By Ladesope Ladelokun,
If there is any shouting evidence that the vestiges of dictatorship still remain with us long after we bade military rule goodbye, it is the current travails of political activist and Sahara Reporters publisher, Omoyele Sowore.
Since the beginning of the fourth republic on May 29, 1999, successive governments have worryingly engaged in practices that can best be described as antithetical to democratic norms. Put plainly, democracy has failed to end abuses that characterised the jackboot era of intolerance.
Who will forget the infamous Odi massacre and the disregard for a Supreme Court order that the Lagos State funds seized by the Olusegun Obasanjo-led federal government be released? Or the clampdown on media houses perceived to be enemies of former President Jonathan because of their criticism of his government for not adequately tackling Nigeria’s security problems?
Who will forget the seizure of newspapers and destruction of thousands of copies by soldiers during the Jonathan administration which was described by the presidency then as “isolated incidents of security checks”?.
In the current administration of President Muhammadu Buhari, nothing appears to have changed. Only recently, Nobel Laureate, Prof Wole Soyinka, said Nigeria had gone back to the repressive and dark days of the Abacha era following the unceasing human rights abuses traced to the Buhari government. Also, Nigerians known to be too critical of the present government have either been detained or their whereabouts unknown.
An egregious example of the blatant disregard for human rights and dissenting views was displayed when Sowore was arrested and detained for calling out Nigerians to protest the failings of the Buhari government. He was later charged with treasonable felony and accused of insulting the president.
Rather than get agitated about the mention of revolution and protests, the Buhari government would do well to address the issues raised by the activist and his group. Except those who choose not to see the ugly realities confronting us on a daily basis, no one can deny that Nigeria is currently bedeviled by nagging security problems, grinding poverty, especially with Nigeria as the poverty capital of the world. Or is it the romance with individuals with various corruption allegations hanging over their heads who have now become new creatures by virtue of the fact they are now belong to the ruling party? Or is it the economy that is in a tailspin?.
Instead of breathing down the necks of Nigerians that demand good governance, the call to protest should be a wakeup call to the concerned authorities to address the aforementioned problems for the betterment of Nigerians.

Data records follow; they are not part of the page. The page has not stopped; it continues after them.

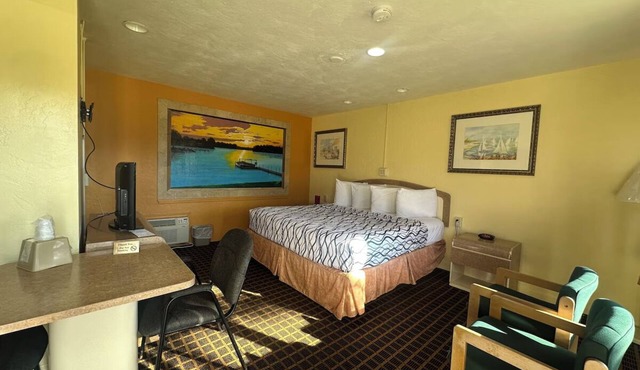 Pet-Friendly Stay Near Daytona Beach Perfect for Beachgoers & Business Travelers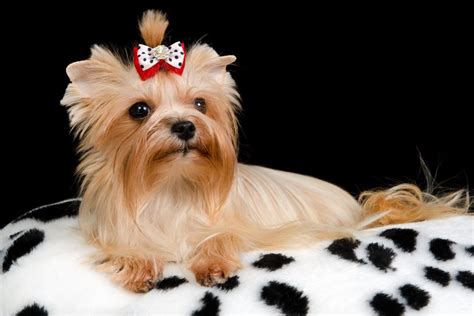 Golden Blonde Yorkie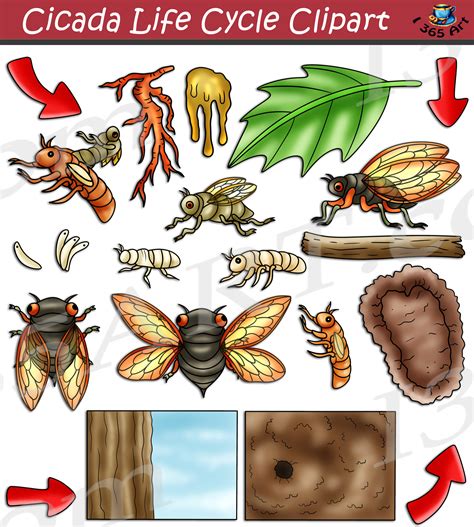 Cicada Life Cycle Clipart Set Download - Clipart 4 School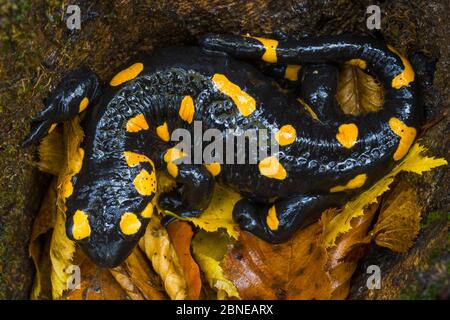 Fuoco / Salamandra europea (Salamandra salamandra) Parco Nazionale dei Laghi di Plitvice, Croazia. Novembre. Foto Stock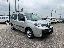 RENAULT Kangoo 1.5 dCi 90 CV 5p. Limited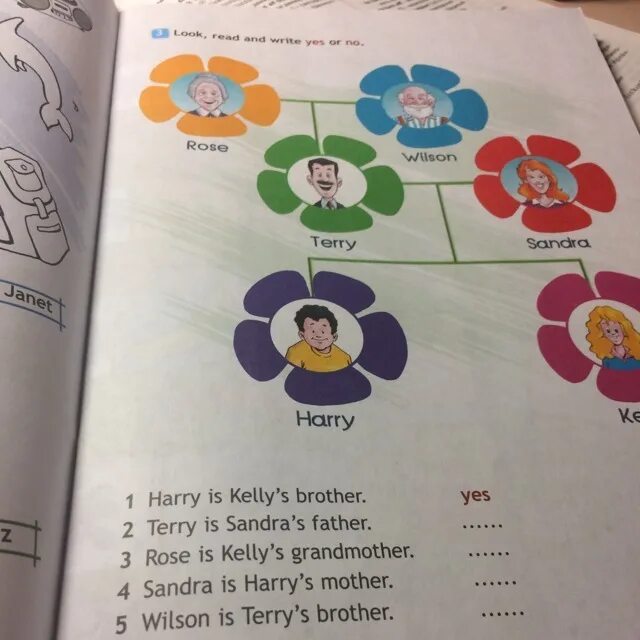 Look and write yes or no. Look and write yes or no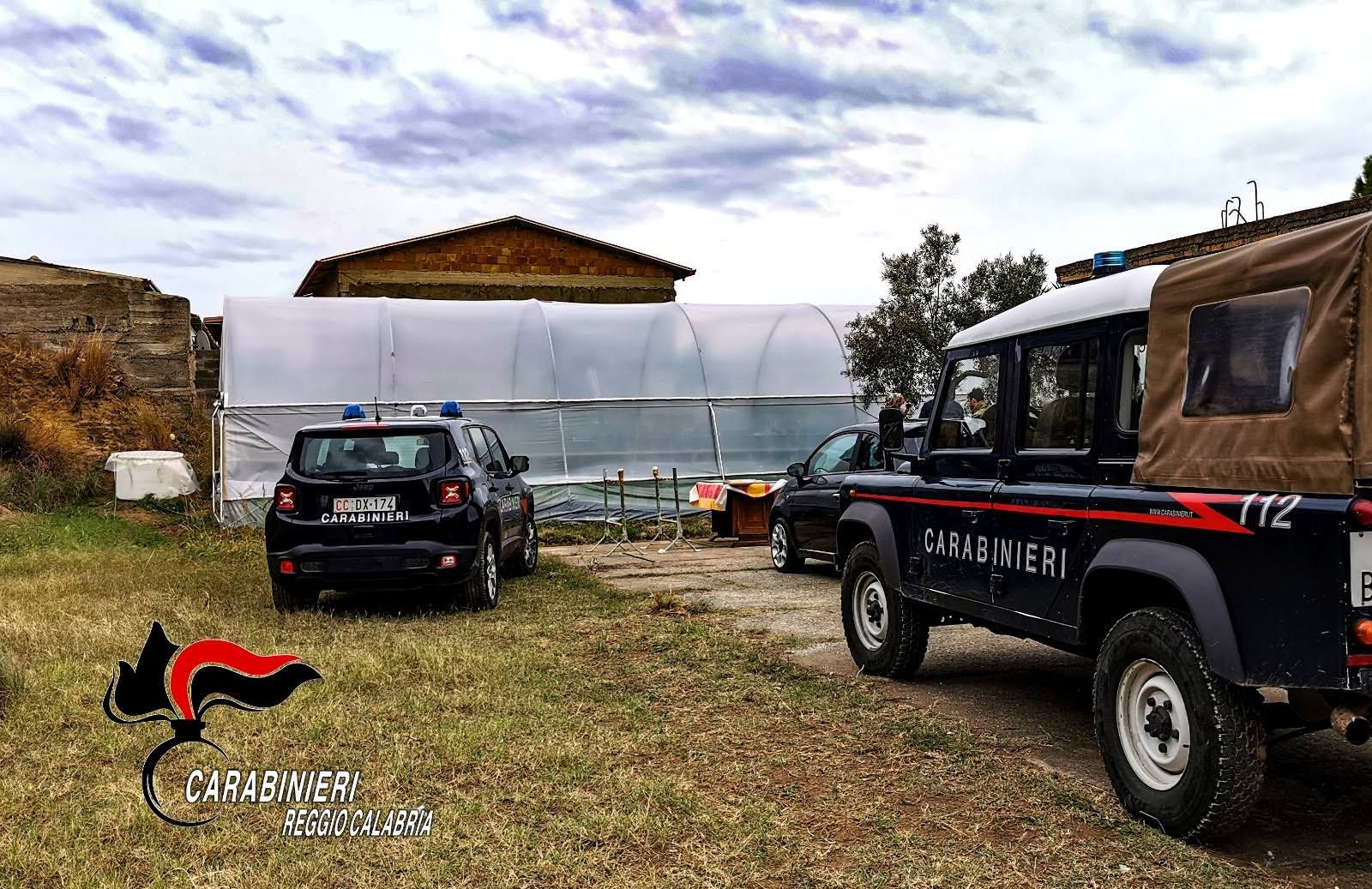 Mille piante di canapa indiana, arrestata una famiglia – VIDEO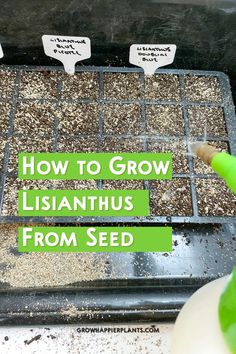 how to grow lisiannthus from seed in a greenhouse with text overlay that reads, how to grow lisinthus from seed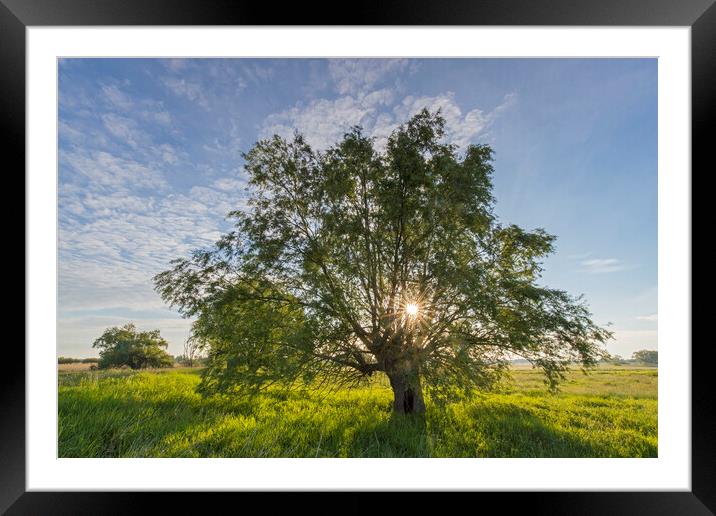 Lone Tree in Meadow at Sunrise Framed Mounted Print by Arterra 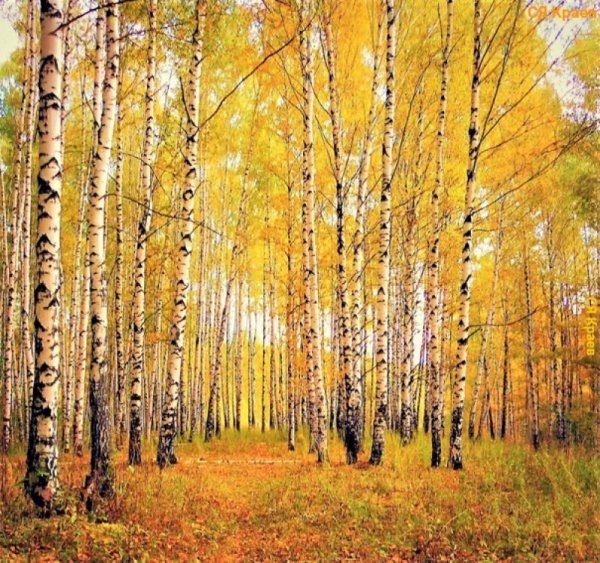 Березовая роща Золотая осень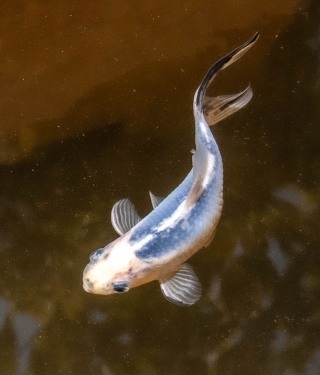 'Goldfish in Fountain', Crete, 2023.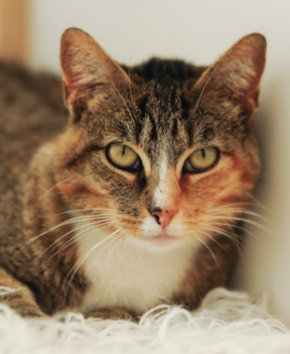 Marigold ~ 3 yr. / Female
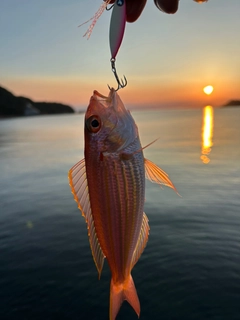 イトヨリダイの釣果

Curiously, the same government that would not allow harmless protesters a breathing space has no issues with negotiating with bloodthirsty terrorists that have brought sorrow, tears and blood to many homes, justifying their action with the argument that it is a global practice.
In the run-up to the 2015 elections, General Buhari had promised to uphold the rule of law and respect fundamental human rights, claiming to be a reformed democrat.
Today, we are told national interest- as defined by the Buhari administration and the Department of State Services (DSS)- takes precedence over the rule of law. If we pretend to concede that the highlighted excuse for blatant disregard for the laws of the land is true, we can begin to understand why former National Security Adviser, Sambo Dasuki and Shiite leader, Sheikh Ibrahim Elzakzaky are still languishing in jail. But what would be the excuse for detaining Sowore after a court has granted him bail?
Interestingly, the same government that was quick to obey the order to detain Sowore has suddenly developed cold feet when the court granted him bail. Ordinarily, Nigeria’s biggest opposition party, the Peoples Democratic Party (PDP), should be vociferous about the worrying disdain for court orders not in favour of the Buhari government. But that is if it has the moral latitude for such. In PDP’s Cross River State, Journalist, Agba Jalingo, is in detention for a publication the government does not find friendly. Where then will the PDP derive the moral justification to call out the ruling party for its disturbing abuse of power?
Without any whiff of doubt, freedom of expression is under threat in Nigeria. And when a government justifies brazen disdain for court orders, it is not for any other reason but to kill dissenting voices. Little wonder Prof Wole Soyinka was quoted as saying the greatest threat to freedom is the absence of criticism.
It is time men of good conscience in the Nigerian Bar Association, the Nigerian Labour Congress and all civil society groups rose by exploring all constitutional means to save the judiciary from imminent collapse and Nigeria from its gradual slide into anarchy.